Unmittelbar neben dem Verwaltungsgebäude von Rostock Port entsteht derzeit ein weiteres Bürogebäude. In Nachbarschaft dazu wird die älteste Kaianlage des Hafens mit einer Millioneninvestition wieder fit gemacht, erzählt Dr. Tesch. „Hier am Liegeplatz 31 ist am 30. April 1960 das erste Schiff gelöscht worden, die MS „Schwerin“, gebaut auf der Warnow-Werft. Die Entscheidung für den Hafen hatte eine große wirtschafts-strategische Bedeutung für die DDR und für Rostock.“
Heute stehen 49 Schiffsliegeplätze zur Verfügung, beträgt die gesamte Kailänge mehr als elf Kilometer. Düngemittel und Getreide, Kohle und Öl, Container und Trucks mit allen erdenklichen Gütern werden von Rostock aus verschifft bzw. hier angelandet.

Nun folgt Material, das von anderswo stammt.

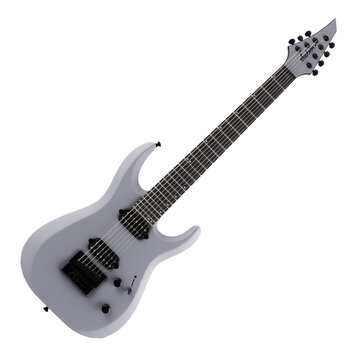 Světle šedá elektrická kytara s tmavým hmatníkem a černými komponenty. Na hlavě je bílý nápis Jackson. Nástroj má dva humbuckery, jeden ovládací knof…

Beeindruckt zeigten sich die Unternehmerinnen von den zahlreichen E-Autos, die auf dem neuen Autoterminal Platz finden und auf den Transport nach Skandinavien warten. Sie wurden wie viele andere Güter auch zumeist mit der Bahn in den Hafen gebracht. „Nur das Tesla-Werk in Berlin-Grünheide hat noch keine Zuganbindung“, so Tesch.

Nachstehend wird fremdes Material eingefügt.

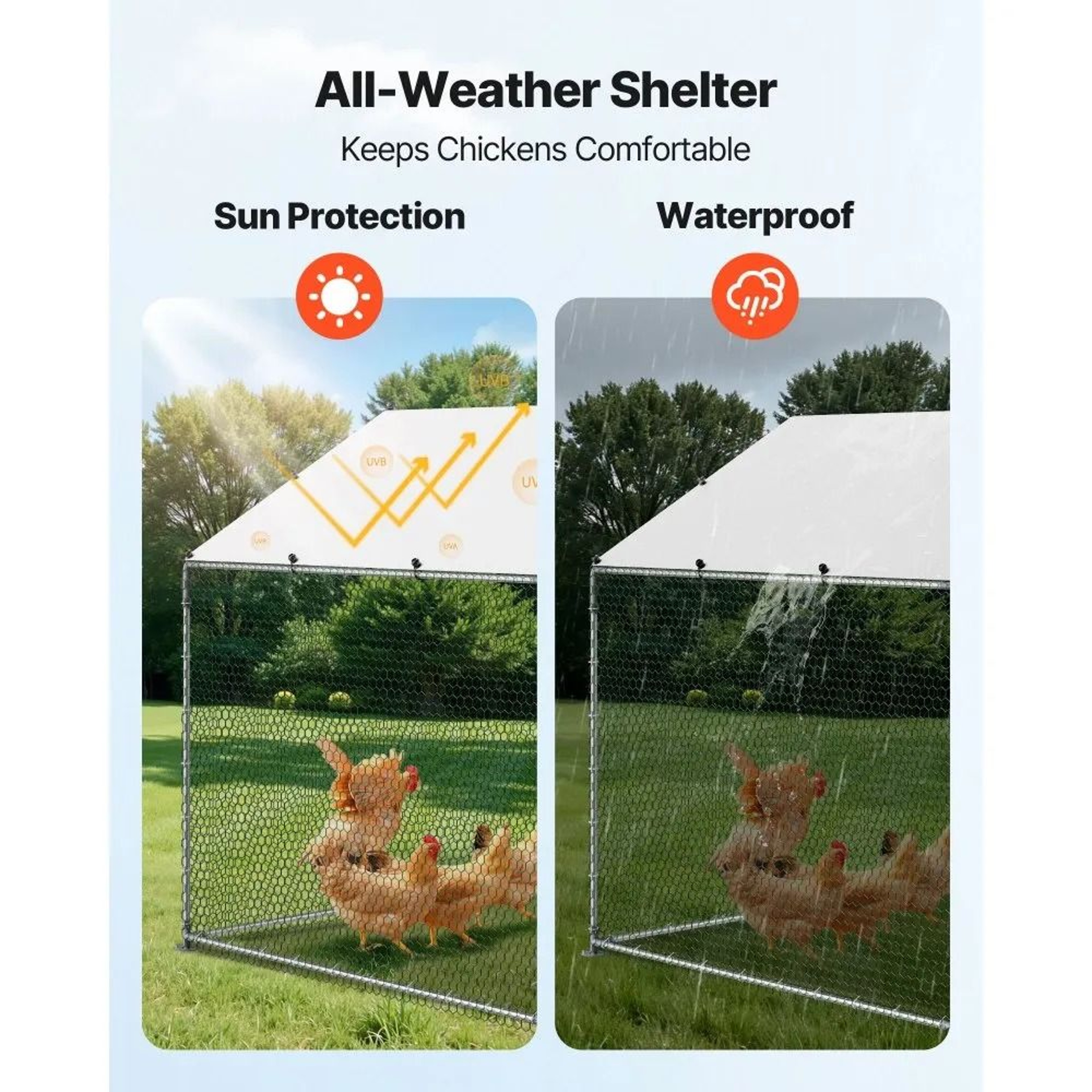 Large Metal Chicken Coop Walk In Poultry Run With Weatherproof Cover 2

Am Fährterminal ist zu beobachten, wie eine der Scandlines-Fähren aus Gedser eintrifft. Kaum hat sie angelegt, rollt der Autoverkehr. „15 Minuten Hafenzeit werden selbst in der Sommersaison eingehalten“, sagt Dr. Gernot Tesch. Mit Staunen nehmen die Frauen zur Kenntnis, dass auch noch zwei Eisenbahn-Fähren nach Trelleborg in Betrieb sind. „Schweden hat ein großes Interesse, die Schienenverbindung wieder zu beleben und nicht nur von Brücken abhängig zu sein“, meint Tesch.
Der Bus fährt in Richtung Ölhafen, vorbei am Massengutterminal mit Getreidesilos und der Mälzerei. „Ein Hafen zeigt deutlich, wie es aktuell um die Wirtschaft bestellt ist“, erklärt der Hafenchef. Der deutschlandweite Einbruch beim Wohnungsbau und bei täglichen Waren sei spürbar. Das Ölgeschäft dagegen laufe gut. Der Ölhafen ist über Pipelines mit den Chemiestandorten in Leuna, Schwedt und Böhlen verbunden.

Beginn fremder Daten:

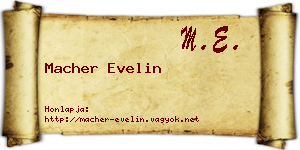 Macher Evelin névjegykártya
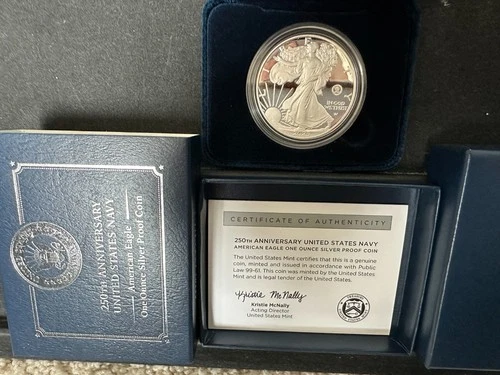 2025-S NAVY Privy American Silver Eagle $1 ASE OGP and COA - 250th Anniversary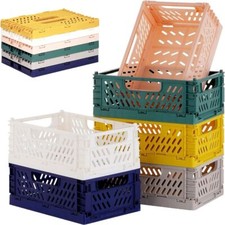Collapsible Organizing Storage Crates Boxes Stackable Basket Office Kitchen Home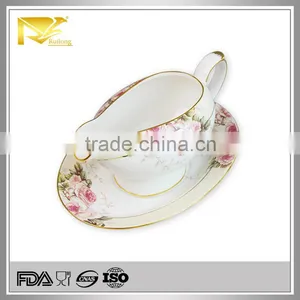 Porcelain Saucer Boat, Porcelain Gravy Boat, Gravy Boats With Saucer thumbnail-1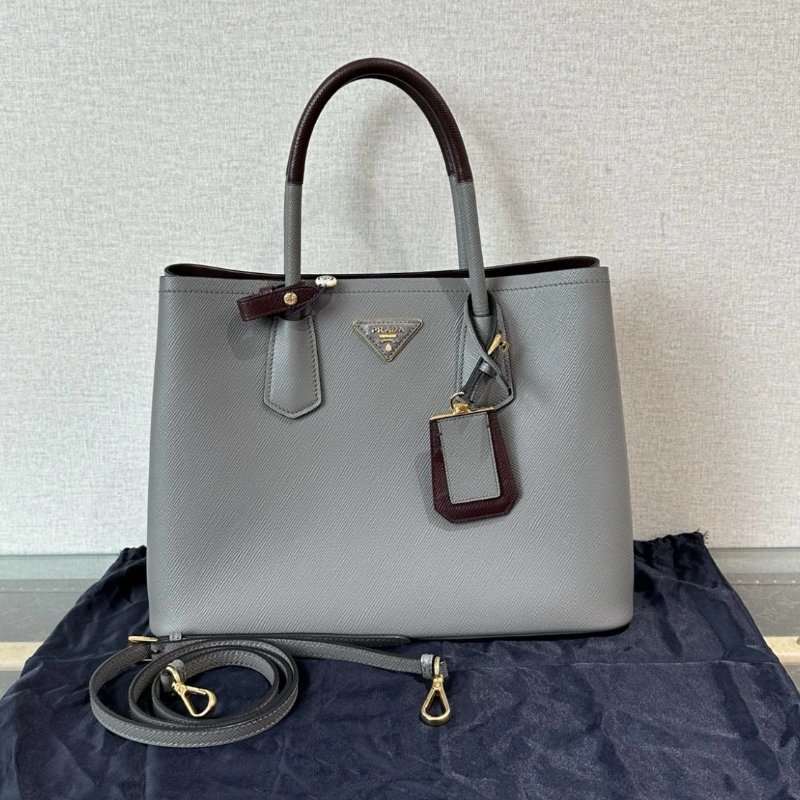 PRADA double系列灰金十字紋手提肩背斜背包 32.5*25*14 98新配件塵袋-0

Kranhersteller Liebherr ist mit seinen Produkten im Hafen weithin sichtbar. Einer der europaweit größten Hafenkräne prägt die Skyline des weitläufigen Geländes. Noch gut können sich die Unternehmerinnen an die Landgewinnung erinnern. „Die Gründungsarbeiten waren sehr aufwändig“, sagt Tesch. Insgesamt 88 Millionen Euro wurden seit 2003 von Rostock Port in die Geländeerschließungen am Pier III investiert.
Gegenwärtig gibt es über 150 Firmen, die im und am Rostocker Hafen umschlagen, lagern, produzieren oder Dienstleistungen für die Schifffahrt und den Transport anbieten. Die Zahl der direkt und indirekt Beschäftigten der Rostocker Hafenwirtschaft beträgt rund 20.000 Menschen.
„Der Überseehafen ist das große Wirtschaftszentrum der Hansestadt und wirklich sehr beeindruckend“, erklärte VdU-Landesvorsitzende Christiane Ehlert. Die Einblicke in das Hafengeschäft und die Bedeutung für Mecklenburg-Vorpommern seien sehr spannend gewesen. Ihre Familie, so erzählt die selbstständige Fotografin, habe einst Freunde in Petersdorf gehabt, dem Dorf, das Ende der 50er Jahre dem Hafenbau geopfert worden war. Sie versprach Dr. Gernot Tesch, für die Hafenchronik noch ein paar ältere Ansichten herauszusuchen.